Percayalah, kalimat berulang itu suatu saat akan membuahkan hasil. Hanya soal waktu, yang butuh kesabaran ekstra.

Itulah kalimat-kalimat tanda sayang. Bukankah Islam mengajarkan untuk sayang anak? Bukankah Rasululloh mencontohkan bagaimana cara menyayangi anak-anak?

Sayang anak itu, maknanya sangatlah luas. Dari hal receh sampai yang besar. Sejak masa mengandungnya, ah tidak, bahkan sejak ikatan suci dua insan berbeda kelamin itu disakralkan. Lalu melahirkannya, menyusui, menyuapi, menggendong, mengajak main, membacakan buku cerita, menyekolahkannya, dan banyak hal lainnya, hingga jasad ini kembali ke asalnya. Itu semua, rangkaian dari sebuah pendidikan kepada anak.

Disini, di Shalihah MotherhoodBanyak dibahas soal pendidikan anak, dengan berbagai versi, beragam sumber.

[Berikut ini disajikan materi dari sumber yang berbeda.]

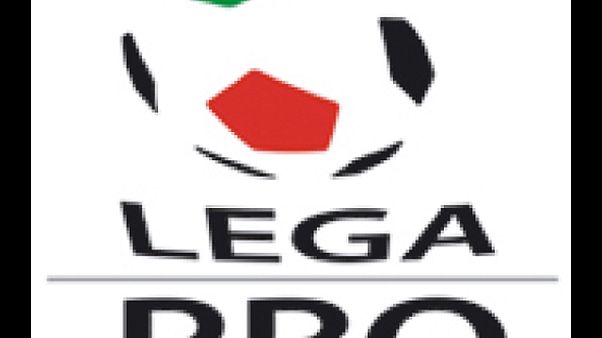 Caos B:Lega Pro sospende gare sette club Caos B:Lega Pro sospende gare sette club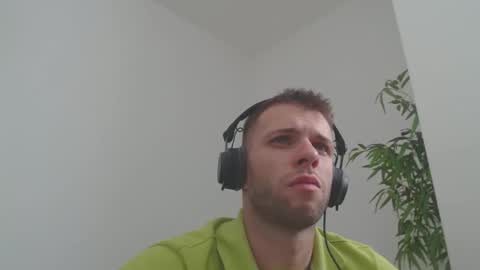 leozinhohd online show from 11, 11, 2025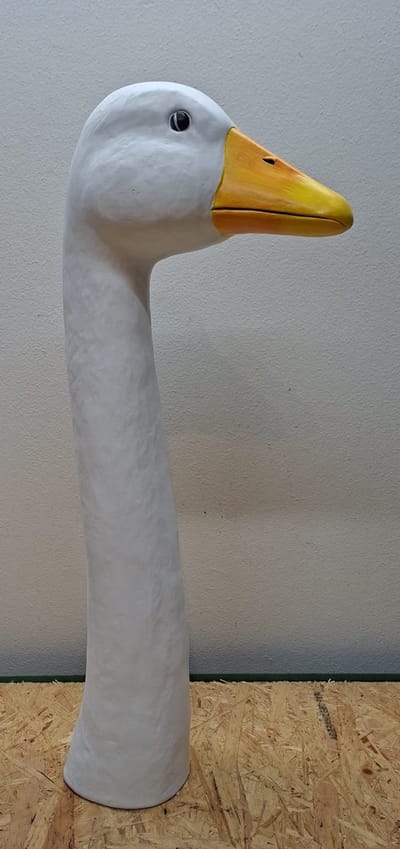 Luxe Decoratie Gans Ganzenkop - 56 cm Hoog - Polystone - Wit/Oranje - Modern Kunstbeeld & Woonaccessoire Binnen
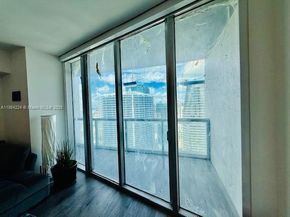 475 Brickell Ave 4910, Miami FL 33131
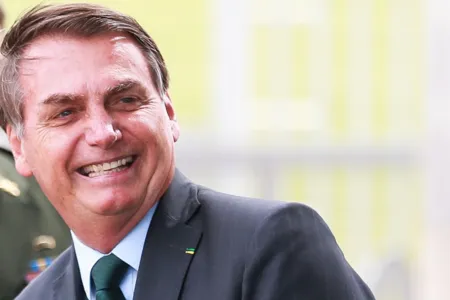 Bolsonaro sanciona lei que institui carteira nacional do autista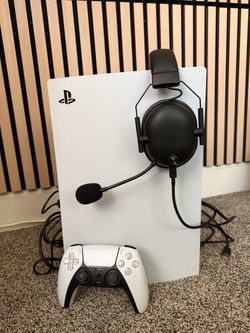 PS5 w/ controller and RAZER headset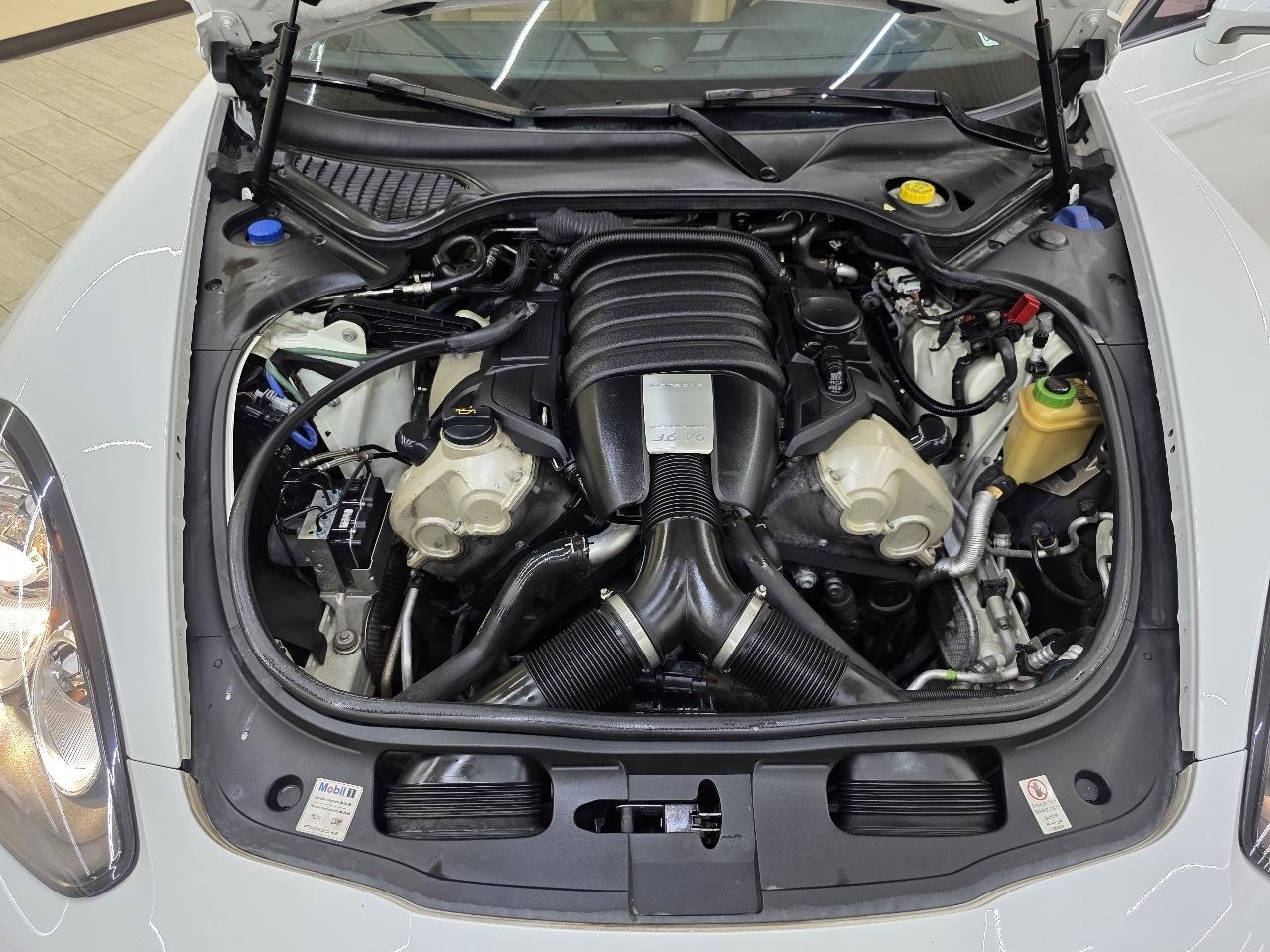 Porsche Panamera 4 2015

Dimana kita sebagai orang tua, bisa menggunakannya sebagai referensi. Kenapa sekedar referensi? Karena kita lebih tau apa yang dibutuhkan anak-anak kita, sebagaimana orang lain lebih memahami kondisi anak-anak mereka. Contohnya nih, soal screen time. Entah lewat gadget, tv, atau laptop. Orang tua pastinya ingin berikan yang terbaik dong, untuk anak-anaknya. Makanya, peran komunikasi antara anak dan bapak ibunya, penting banget. Dan rasa sayang diantara keluarga ini berpengaruh ke pola pendidikan. Sayangnya sang ayah dan ibu, kadang dicurahkan dengan cara berbeda. Belum lagi sayangnya nenek atau kakek, akan beda lagi. Nah pinter-pinternya kita mengatur saja, supaya semua saling sinkron. Diantara kami disini, ada yang sudah berhasil, ada yang belum. Bukan karena tanpa usaha, tapi memang masih berproses.

Disini, di Shalihah Motherhood. Aku belajar tentang tipikal anak. Aku belajar tentang bagaimana menghadapi anak tantrum. Aku belajar manajemen emosi. Aku belajar…banyak hal. Bahkan tentang jajan anak pun, aku belajar disini. Ilmu itu bisa datang kapan saja, dari siapa saja. Jadi, jangan pernah lelah belajar, dan juga berbagi.


Terakhir, sebuah postingan Bunda Farzan, yang menjadi pengingat di tengah-tengah diskusi, menjadi penyubur cinta dan sayang di kala semu.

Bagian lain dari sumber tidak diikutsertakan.